How could it not be? In the Sephardi tradition of naming after grandparents living or deceased, my Hebrew is name, Malka, for my grandmother Reine, who was named for her grandmother, Sultana Curiel, who was named in honor of the Sultan of the Ottoman Empire.
Sultana was born in Izmir, she married my great great grandfather David Nessim from Salonika and together they moved and settled in Alexandria where trade was booming thanks to the opening of the Suez Canal in 1869. As the story goes, Sultana was an extremely holy woman – before the neighborhood synagogue of Sporting, Alexandria was built, the local minyan was held at her villa and people came from far and wide to ask for her advice, blessings and Kabbalistic insights. My father was the third generation born in Egypt, but in 1956 was forced to leave as part of Nasser’s expulsion.
On my mother’s side, my great grandmother Flore Amargi was born in Samsoun on the Black Sea. She married my great grandfather Haim Yeni from Salonika (For the Pardes team, I’ll translate: Yeni – means ‘new’ in Turkish – and possibly reflected their status as new citizens in the Empire). The story of the Yeni’s took a different course and they ended up in France leaving loved ones behind as the clouds of war loomed in Europe.

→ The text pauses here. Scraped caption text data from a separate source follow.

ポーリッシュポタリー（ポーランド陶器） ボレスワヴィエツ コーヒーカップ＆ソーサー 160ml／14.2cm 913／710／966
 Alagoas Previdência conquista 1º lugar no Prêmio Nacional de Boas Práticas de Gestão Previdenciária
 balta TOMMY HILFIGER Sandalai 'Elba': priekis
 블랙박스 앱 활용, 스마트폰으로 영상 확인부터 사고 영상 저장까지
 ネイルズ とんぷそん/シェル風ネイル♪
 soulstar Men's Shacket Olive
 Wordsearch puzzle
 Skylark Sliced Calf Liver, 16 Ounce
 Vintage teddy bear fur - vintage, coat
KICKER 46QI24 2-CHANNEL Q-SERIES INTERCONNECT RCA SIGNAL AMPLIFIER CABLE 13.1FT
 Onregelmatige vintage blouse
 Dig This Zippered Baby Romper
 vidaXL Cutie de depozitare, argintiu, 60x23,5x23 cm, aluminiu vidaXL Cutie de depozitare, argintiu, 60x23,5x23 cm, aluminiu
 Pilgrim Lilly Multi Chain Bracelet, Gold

Fast forward almost a century and I was born and brought up in London where the majority of the community are Ashkenazi Jews. However, the much smaller and much older Spanish and Portuguese synagogue where I grew up, was always a huge source of pride and has become an integral part of my Jewish identity. Our particular customs, prayers, foods – including Sultana’s recipe for haroset which I will be making next week – are unique, and we were taught to cherish that.
As I began thinking about this trip and simultaneously began my Pesach preparations in Israel, I was reminded of a famous midrash:
Midrash Vayikra Rabba 32:5: Our ancestors were redeemed from Egypt because they did not change their names, their language or their clothes.
Although, I am certainly not comparing the Ashkenazim in London to the Egyptian slave masters, it seems to me that maintaining those very things that make us special and different and remaining part of a distinct group even when you are the minority, holds the key to our survival in difficult, and sometimes dangerous exiles.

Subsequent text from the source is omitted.